I have adapted the tutorial so that the steps take place in this Jupyter notebook so that the notebook can be transpiled into a Pelican blog post using a danielfrg/pelican-ipynb Pelican plugin.
Some Jupyter notebook housekeeping to set up some variables with path references.
In [168]:
import os
In [169]:
(
TAB_CHAR,
) = (
'\t',
)
In [170]:
home = os.path.expanduser('~')
repo_path
is the path to a clone of swcarpentry/make-novice
In [171]:
repo_path = os.path.join(
home,
'Dropbox/spikes/make-novice',
)
In [172]:
assert os.path.exists(repo_path)
paths
are the paths to child directories in a clone of swcarpentry/make-novice
In [173]:
paths = (
'code',
'data',
)
paths = (
code,
data,
) = [os.path.join(repo_path, path) for path in paths]
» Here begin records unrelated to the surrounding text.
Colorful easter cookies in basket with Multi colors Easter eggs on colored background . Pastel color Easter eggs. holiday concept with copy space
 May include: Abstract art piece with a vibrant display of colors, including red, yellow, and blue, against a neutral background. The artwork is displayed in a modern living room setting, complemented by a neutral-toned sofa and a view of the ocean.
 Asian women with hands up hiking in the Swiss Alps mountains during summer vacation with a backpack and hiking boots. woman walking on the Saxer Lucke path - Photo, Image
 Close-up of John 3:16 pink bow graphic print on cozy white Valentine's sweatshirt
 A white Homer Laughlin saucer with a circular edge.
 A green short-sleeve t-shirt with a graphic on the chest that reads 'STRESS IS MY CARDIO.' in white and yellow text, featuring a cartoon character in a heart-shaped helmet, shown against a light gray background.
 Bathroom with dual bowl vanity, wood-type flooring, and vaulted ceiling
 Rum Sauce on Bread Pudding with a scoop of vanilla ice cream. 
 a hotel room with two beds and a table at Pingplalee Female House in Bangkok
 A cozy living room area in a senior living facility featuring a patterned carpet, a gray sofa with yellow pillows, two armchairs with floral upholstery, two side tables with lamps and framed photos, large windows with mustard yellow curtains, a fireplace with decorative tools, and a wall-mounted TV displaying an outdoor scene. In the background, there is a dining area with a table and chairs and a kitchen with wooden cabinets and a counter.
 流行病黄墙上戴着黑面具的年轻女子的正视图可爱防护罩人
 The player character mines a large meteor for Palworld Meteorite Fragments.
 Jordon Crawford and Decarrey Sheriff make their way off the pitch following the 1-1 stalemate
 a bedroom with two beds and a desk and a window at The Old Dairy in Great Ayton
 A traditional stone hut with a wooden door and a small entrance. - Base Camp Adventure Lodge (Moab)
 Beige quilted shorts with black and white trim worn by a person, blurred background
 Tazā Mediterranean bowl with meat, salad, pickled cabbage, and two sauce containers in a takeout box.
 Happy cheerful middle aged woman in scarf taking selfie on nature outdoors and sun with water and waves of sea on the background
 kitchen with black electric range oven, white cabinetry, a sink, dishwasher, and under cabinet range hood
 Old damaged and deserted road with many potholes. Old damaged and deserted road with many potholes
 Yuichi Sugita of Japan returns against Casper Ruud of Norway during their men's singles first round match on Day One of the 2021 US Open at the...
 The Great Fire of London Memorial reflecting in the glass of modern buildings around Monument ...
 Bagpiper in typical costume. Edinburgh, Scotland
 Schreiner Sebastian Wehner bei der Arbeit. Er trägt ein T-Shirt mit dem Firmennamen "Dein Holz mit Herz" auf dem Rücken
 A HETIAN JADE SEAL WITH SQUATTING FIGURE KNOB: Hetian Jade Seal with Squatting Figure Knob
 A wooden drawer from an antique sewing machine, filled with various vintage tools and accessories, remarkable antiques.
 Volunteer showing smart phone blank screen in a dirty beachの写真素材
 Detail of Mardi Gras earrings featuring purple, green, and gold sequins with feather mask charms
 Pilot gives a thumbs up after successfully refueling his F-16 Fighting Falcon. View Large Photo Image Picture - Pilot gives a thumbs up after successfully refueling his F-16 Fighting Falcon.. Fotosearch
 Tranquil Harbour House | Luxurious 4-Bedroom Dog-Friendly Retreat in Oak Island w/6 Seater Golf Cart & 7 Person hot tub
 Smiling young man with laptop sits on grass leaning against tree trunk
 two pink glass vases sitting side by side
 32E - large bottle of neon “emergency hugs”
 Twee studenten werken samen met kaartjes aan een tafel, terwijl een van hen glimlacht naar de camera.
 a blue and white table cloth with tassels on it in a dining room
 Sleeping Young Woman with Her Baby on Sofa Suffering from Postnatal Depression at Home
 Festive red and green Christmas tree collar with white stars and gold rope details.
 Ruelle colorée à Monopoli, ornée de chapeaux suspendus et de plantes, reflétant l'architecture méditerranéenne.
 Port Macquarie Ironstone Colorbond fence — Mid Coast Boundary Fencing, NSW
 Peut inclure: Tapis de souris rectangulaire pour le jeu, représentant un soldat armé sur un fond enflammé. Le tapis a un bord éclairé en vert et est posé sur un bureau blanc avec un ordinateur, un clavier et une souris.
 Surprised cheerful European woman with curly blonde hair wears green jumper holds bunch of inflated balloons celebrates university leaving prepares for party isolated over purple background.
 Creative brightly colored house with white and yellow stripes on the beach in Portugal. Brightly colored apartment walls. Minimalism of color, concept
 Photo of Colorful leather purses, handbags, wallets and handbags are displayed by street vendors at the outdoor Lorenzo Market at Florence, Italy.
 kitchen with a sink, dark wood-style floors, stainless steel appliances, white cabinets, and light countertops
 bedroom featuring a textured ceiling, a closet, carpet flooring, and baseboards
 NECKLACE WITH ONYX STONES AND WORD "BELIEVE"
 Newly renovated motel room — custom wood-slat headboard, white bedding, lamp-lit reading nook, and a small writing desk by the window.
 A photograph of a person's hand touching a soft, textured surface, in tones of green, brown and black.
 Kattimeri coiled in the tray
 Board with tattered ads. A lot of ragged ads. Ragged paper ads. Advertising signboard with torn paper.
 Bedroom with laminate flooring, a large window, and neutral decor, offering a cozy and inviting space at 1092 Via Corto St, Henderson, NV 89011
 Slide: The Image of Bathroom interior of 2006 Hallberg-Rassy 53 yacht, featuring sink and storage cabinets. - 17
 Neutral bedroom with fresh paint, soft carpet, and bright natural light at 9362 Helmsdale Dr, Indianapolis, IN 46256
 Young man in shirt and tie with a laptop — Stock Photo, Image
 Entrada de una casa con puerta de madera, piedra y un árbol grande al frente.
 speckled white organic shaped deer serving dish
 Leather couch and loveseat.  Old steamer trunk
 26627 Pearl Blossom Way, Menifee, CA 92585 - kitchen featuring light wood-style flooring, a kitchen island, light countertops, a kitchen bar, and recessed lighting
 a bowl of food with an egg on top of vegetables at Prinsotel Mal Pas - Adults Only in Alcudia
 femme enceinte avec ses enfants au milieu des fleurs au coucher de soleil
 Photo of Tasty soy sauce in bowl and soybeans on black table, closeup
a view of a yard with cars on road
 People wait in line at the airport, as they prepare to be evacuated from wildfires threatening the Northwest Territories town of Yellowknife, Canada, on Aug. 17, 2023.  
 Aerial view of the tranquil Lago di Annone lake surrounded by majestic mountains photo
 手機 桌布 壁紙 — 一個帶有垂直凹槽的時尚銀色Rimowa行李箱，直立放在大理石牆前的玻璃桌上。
assert all(os.path.exists(path) for path in paths)
Use the magic run
to execute the Python script wordcount.py
.
The variables with '$' in front of them are the values of the Python variables in this notebook.
In [174]:
run $code/wordcount.py $data/books/isles.txt $repo_path/isles.dat
Use shell to examine the first 5 lines of the output file from running wordcount.py
In [175]:
!head -5 $repo_path/isles.dat
We can see that the file consists of one row per word. Each row shows the word itself, the number of occurrences of that word, and the number of occurrences as a percentage of the total number of words in the text file.
In [176]:
run $code/wordcount.py $data/books/abyss.txt $repo_path/abyss.dat
In [177]:
!head -5 $repo_path/abyss.dat
Let’s visualize the results. The script plotcount.py reads in a data file and plots the 10 most frequently occurring words as a text-based bar plot:
In [178]:
run $code/plotcount.py $repo_path/isles.dat ascii
plotcount.py can also show the plot graphically
In [179]:
run $code/plotcount.py $repo_path/isles.dat show
plotcount.py can also create the plot as an image file (e.g. a PNG file)
In [180]:
run $code/plotcount.py $repo_path/isles.dat $repo_path/isles.png
Import the objects necessary to display the generated png file in this notebook.
In [181]:
from IPython.display import Image
Image(filename=os.path.join(repo_path, 'isles.png'))
Out[181]:
Finally, let’s test Zipf’s law for these books
The most frequently-occurring word occurs approximately twice as often as the second most frequent word. This is Zipf’s Law.
In [182]:
run $code/zipf_test.py $repo_path/abyss.dat $repo_path/isles.dat
What we really want is an executable description of our pipeline that allows software to do the tricky part for us: figuring out what steps need to be rerun.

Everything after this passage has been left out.